Roberto Devereux, Donizetti's take on the private lives of Elizabeth I and the Earl of Essex, has often been regarded with suspicion in the UK. The usual charge against it is that its flouting of historical veracity is excessive. The real problem, one suspects, is that the gap between the accepted legends surrounding Elizabeth and the woman Donizetti puts on stage is perhaps too wide for many to accept.
It is drummed into us during childhood that the Virgin Queen's reign marked the apogee of British greatness - a myth bound up with imperialist arrogance and English triumphalism. Donizetti, however, sees her as a self-deluded power freak at the centre of a grim study of how sexual desire dictates political expediency. Lost in fantasies that Essex fancies her, she sends him to the block when she discovers he's involved in a clandestine affair elsewhere. Essex, meanwhile, is her morally dubious equal. His mistress is Sara, wife of his best friend the Duke of Nottingham, and he exerts over Sara the same kind of manipulative power that the Queen exerts over him. The opera is Donizetti's bleakest. Written under appalling personal circumstances - his wife had recently died in childbirth - it is characterised by ferocious compression and jagged vocal writing.

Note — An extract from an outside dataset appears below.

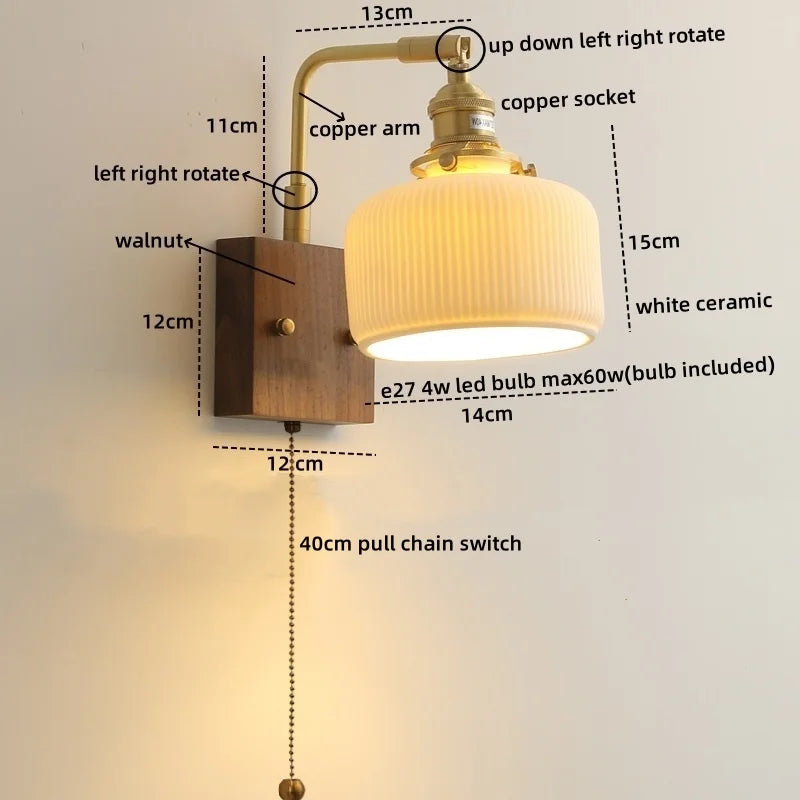 Axyaa Walnut Ceramic LED Wall Lamp with Pull Chain Switch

The problem with the Royal Opera's revival - in concert rather than a full staging - is that it skirts round the work's heart of darkness. Nelly Miricioiu plays down the Queen's monstrosity in an attempt to make her empathetic. She sings with great beauty and a voice compounded of velvet and smoke, but you miss the necessary touch of metal in the sound and the hints of mania in her delivery. Her coloratura is spectacular, though she blunts the effect of Donizetti's obsessive, repetitive phrases by introducing too many filigree decorations. The conductor, Maurizio Benini, opts for extreme speeds, occasionally whipping up extravagant frenzies that ring hollow.
The great performances come elsewhere. The balance of sympathies lies with Sara and Nottingham, their marital hell fiercely captured by Roberto Frontali and Sonia by Ganassi. The real revelation, however, is Spanish tenor Jose Bros's Essex, glamorous vocally and physically, and capable of negotiating Donizetti's treacherous lines with fiery athleticism and powerful ease. His Covent Garden debut five years ago passed largely unnoticed, but he has now matured into one of the finest bel canto singers of our times and a force to be reckoned with.